The International Monetary Fund (IMF) has downgraded Nigeria’s economic growth forecast for 2024 to 2.9%, citing severe flooding, low crude oil production, and inflation as major challenges.
This revised projection represents a 0.4% decline from the previous forecast of 3.3%.
According to the IMF’s World Economic Outlook report, Nigeria’s growth prospects were hindered by agricultural disruptions caused by severe flooding and security and maintenance issues hampering oil production. The fund also attributed the downgrade to recent inflation, which surged to 29.90% in January 2024, driven by higher prices for food, energy, and essential goods.
Despite this setback, Nigeria’s economy demonstrated resilience in the first two quarters of 2024, growing by 2.98% and 3.19%, respectively. However, this growth was accompanied by a surge in inflation and depreciation of the naira.

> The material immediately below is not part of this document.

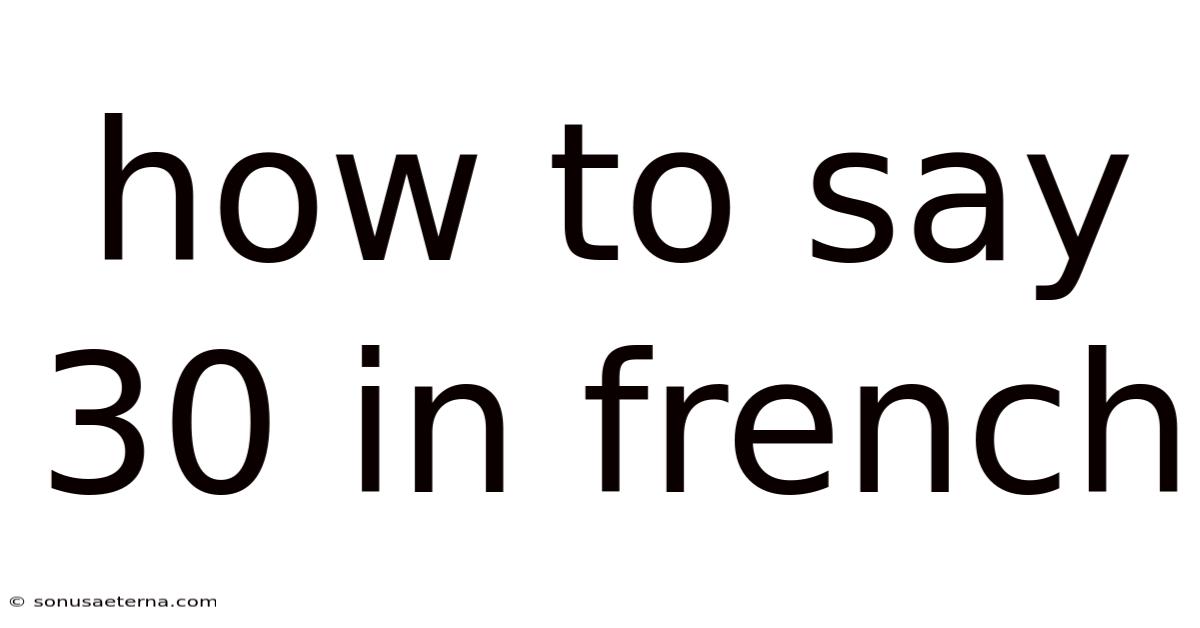 How To Say 30 In French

Globally, the IMF projects economic growth to remain unchanged at 3.2% in 2025, representing a 0.1% decline from its earlier projection in July 2024. Nigeria’s GDP growth projection for 2025 represents a 0.2% increase from its earlier projection in July this year.
The World Bank also reports that Nigeria’s inflation rate escalated for 13 consecutive months due to factors such as fuel subsidy removal and naira depreciation. Inflation is projected to steady at 25% in 2025 and 14% by 2029.
The Assistant Director of the Monetary and Capital Markets Department, Jason Wu noted that Nigeria’s economy is on a path to stability due to government reforms. However, the country still faces significant challenges, including low crude oil production caused by pipeline vandalism and crude oil theft.
The IMF’s revised forecast underscores the need for continued economic reforms and strategic measures to address Nigeria’s pressing issues.